Ok, so at first, this might sound a little cheesy. But there is some truth in it. In short, useful advice that echoed throughout my Year Abroad. She’s right, it’s the people, as well as the destination, that will make your year really spectacular! The first half of my Year Abroad was spent in Paris where I was doing a placement as an English teacher and translator for engineers at a software company. I arrived in July, eager to make friends and speak as much of the language as possible. I knew it was important to go into the experience with the right attitude. My objectives were clear: I wanted to socialise with French people, eat French food, drink French beverages, speak, read, write and hear French 100% of the time. I basically wanted to become French for 6 months of my life.
The openness to the experience meant that I was quite quickly granted my wish. As a teacher, I would often have one-on-one classes with the engineers and I quickly made friends and got to know my “students” (I’ve always found this word strange as they were all at least 5 years older than me!). Eventually I was included in group coffee breaks, then after-work drinks and after a little while the younger members of the company asked me to go to a boîte (club) with them.
‘Clubbing?’ I said, ‘On a Thursday night?
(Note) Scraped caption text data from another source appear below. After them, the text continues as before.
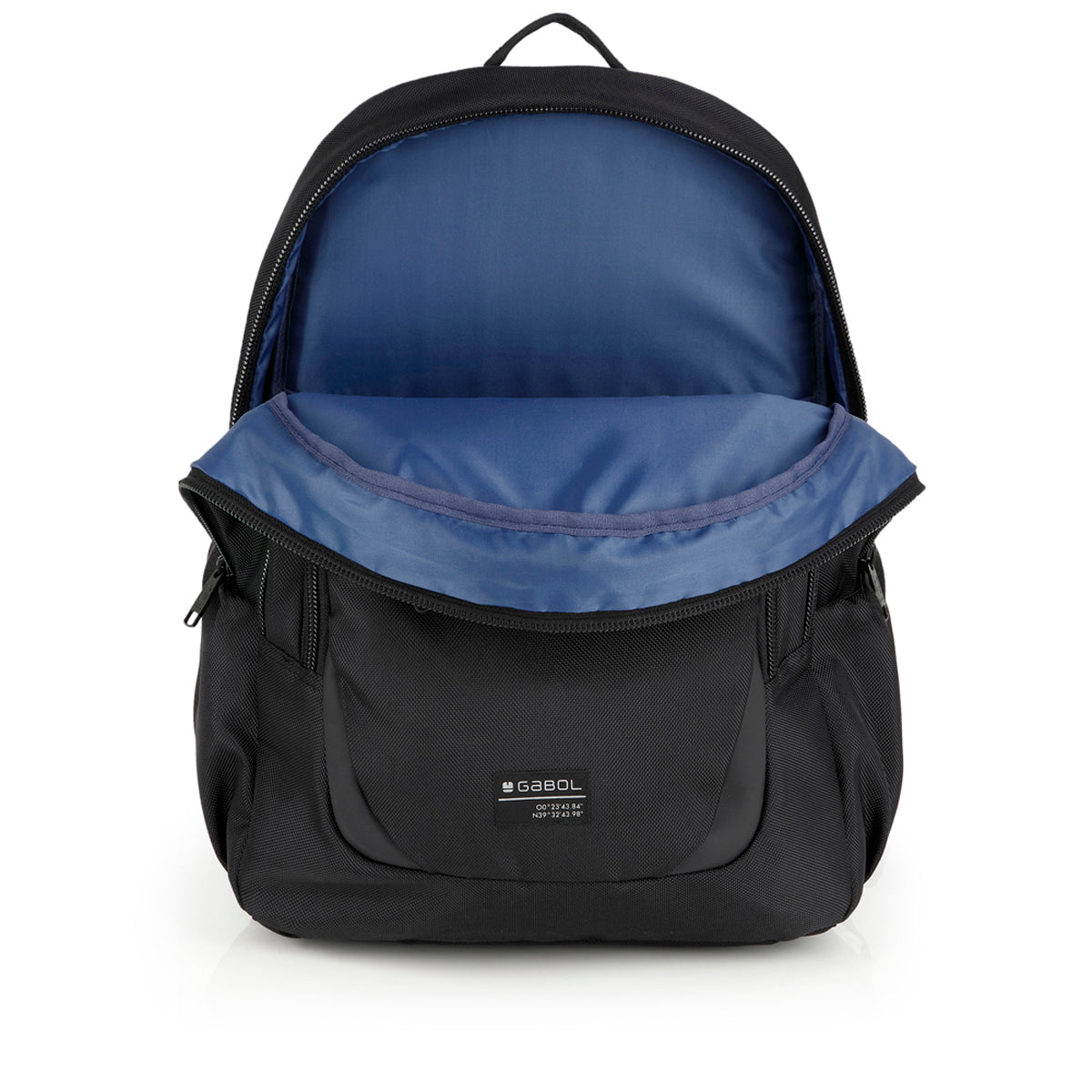 Mochila material reciclado 3 compartimentos Gabol Panther en color negro, imagen 4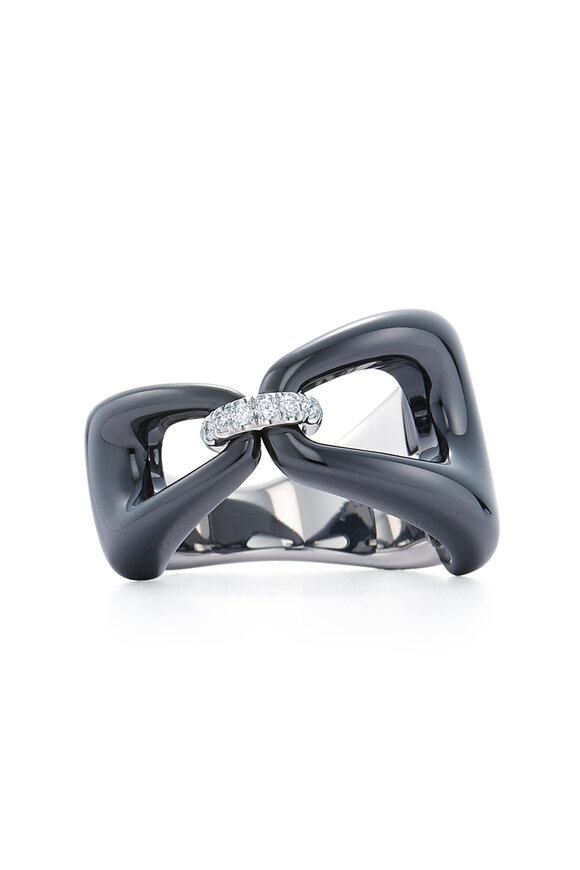 Kwiat - Madison Ave Collection Black Ceramic Ring 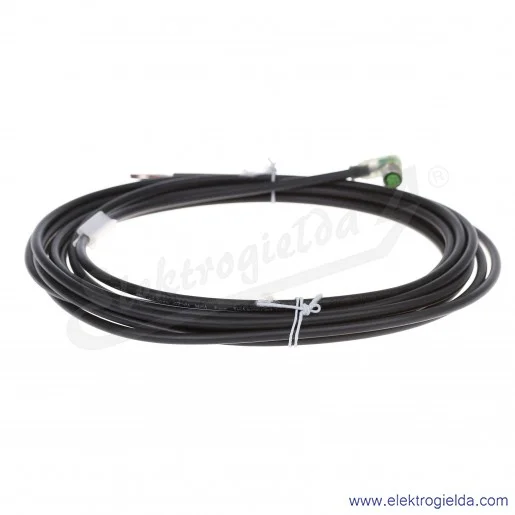 Konektor 7000-08141-6310500, M8, przewód z gniazdem, kątowy, 5m, 4P, PUR-OB, z sygnalizacją 3xLED Konektor 7000-08141-6310500, M8, przewód z gniazdem, kątowy, 5m, 4P, PUR-OB, z sygnalizacją 3xLED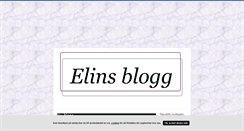 Desktop Screenshot of elinsofie.blogg.se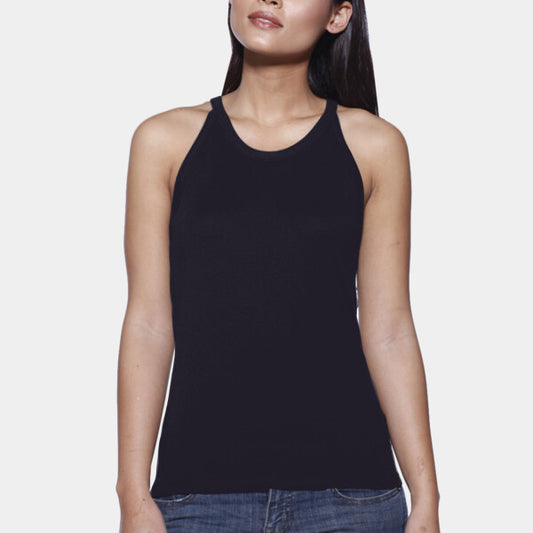 LADIES' CVC HALTER TANK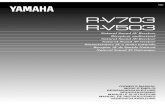 Yamaha Corporation - R-V703 R-V503 · 2019. 1. 25. · ACCESORIOS INCLUIDOS ... You are the proud owner of a Yamaha stereo receiver –an extremely sophisticated audio component.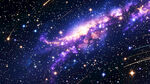 紫色宇宙星空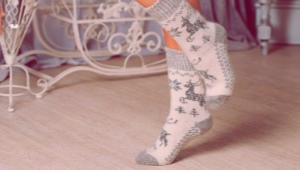 Chaussettes avec cerf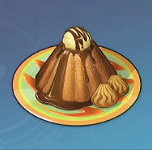 火山ケーキの画像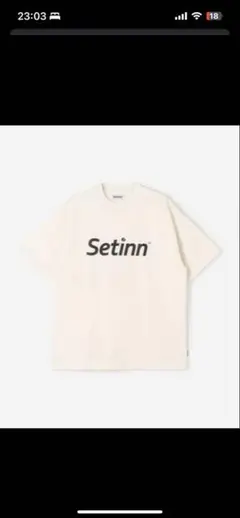 Setinn ビッグロゴTシャツ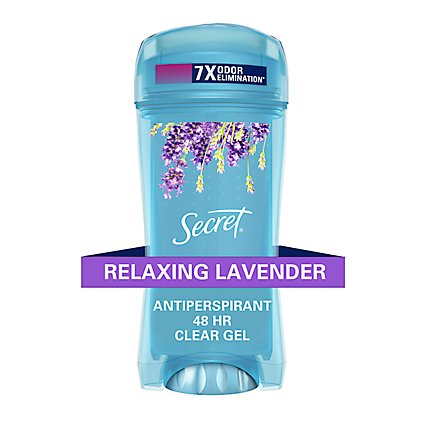 Secret Fresh Relaxing Lavender Clear Gel and Deodorant for Women - 2.6 Oz - Image 1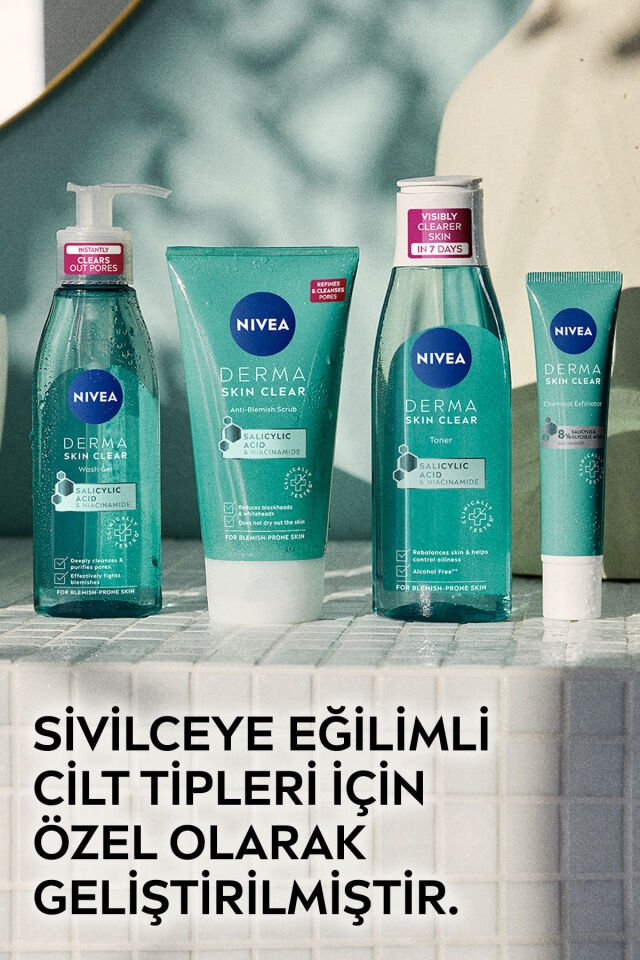 Nivea Derma Skin Clear Sivilce Karşıtı Peeling 150 ml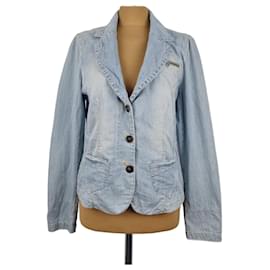 Chaqueta Marc Cain de algodón azul XL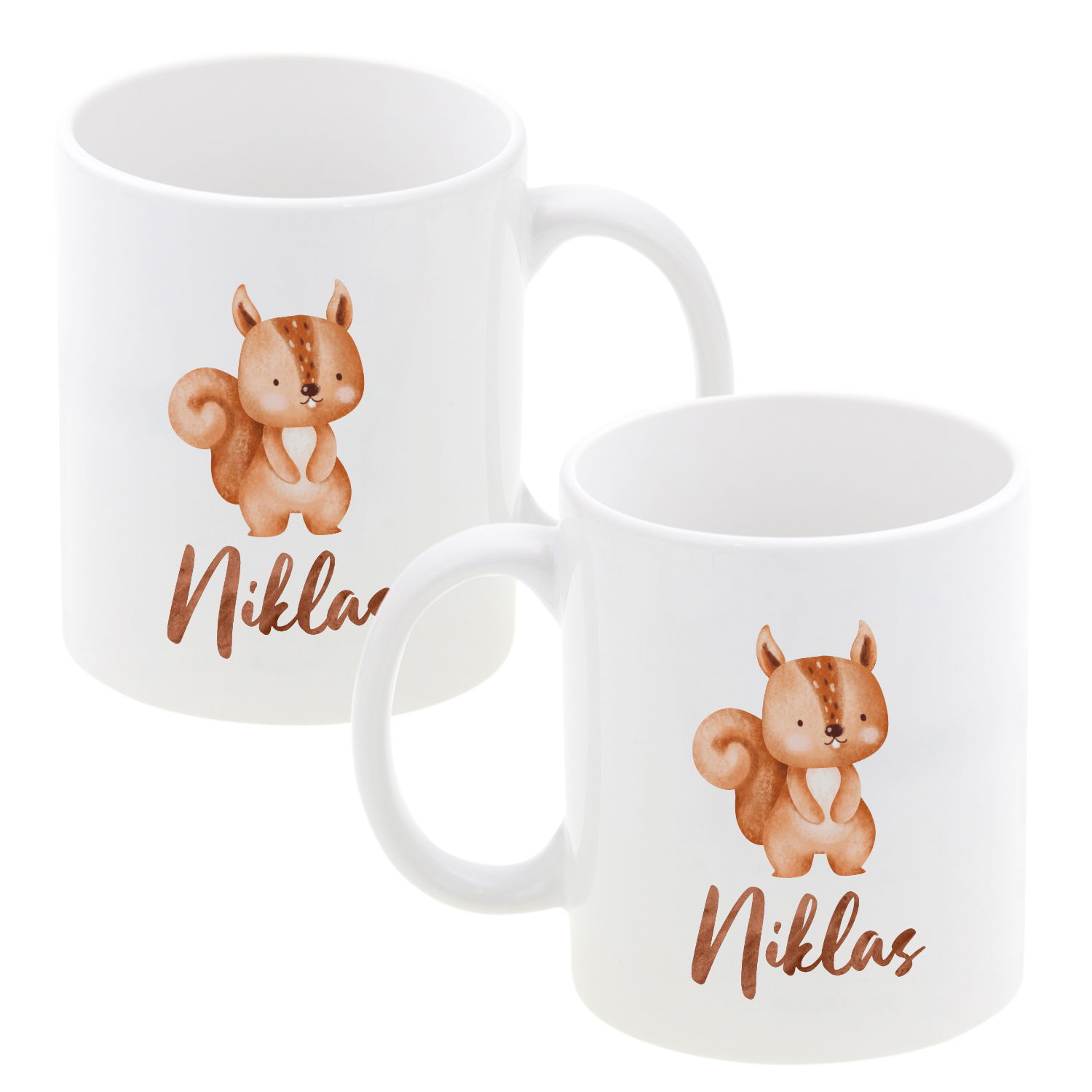Tasse - Waldtiere mit Personalisierung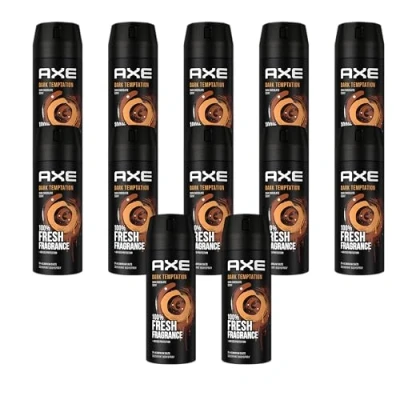 Afbeelding van AXE Dark Temptation Body Deo Spray voor mannen en mannen, 12 x 150 ml, aluminiumvrij, stuks (12 producten)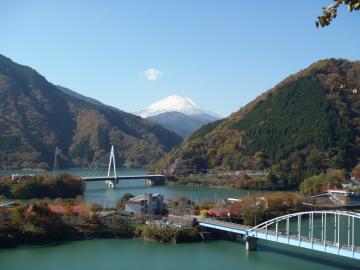 展望台からの富士山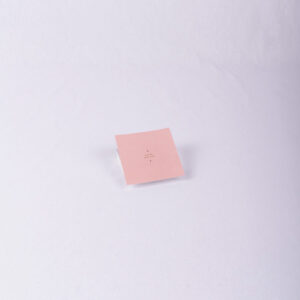 kaartje roze 11 x 11 cm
Are you mad?’ It turns out, Paris has a fantastic concept on a Thursday night known as ‘Afterwork’ or ‘7-2-1’ where certain clubs open at 7pm and close at 1am, offering food and drink buffets and a dancefloor. The idea is, you can go out straight after work but be tucked up in bed early enough to not be suffering the next day. Some of my best memories from my Paris experience were at these events and I would recommend them to anyone doing a placement or Erasmus out there! I felt truly blessed to have made such amazing friends, yes they were older, richer and predominantly male, but that didn’t matter, they were French!
One huge risk on your Year Abroad is staying in your comfort zone. It is likely that you’ll find yourself in the same city as other students on your course, friends from school, even family members. However it’s so important that, although it is often nice to see a friendly face (my friend Emma from uni would meet fortnightly and have a pint of cider in a British pub whilst watching rugby) you need to remember WHY you’re there. And it ain’t to keep your English up to scratch! Making friends abroad can be the key to really living the lifestyle and speaking the language. Who better to teach you how to live the Parisian dream, than a true Parisian! You can also get a hold of people studying or working in your area here, which might make things just that little bit easier at the beginning!
So, all that’s left to do is grab your confidence, get stuck in and make the most of speaking a foreign language - you’ll make some amazing friends in no time!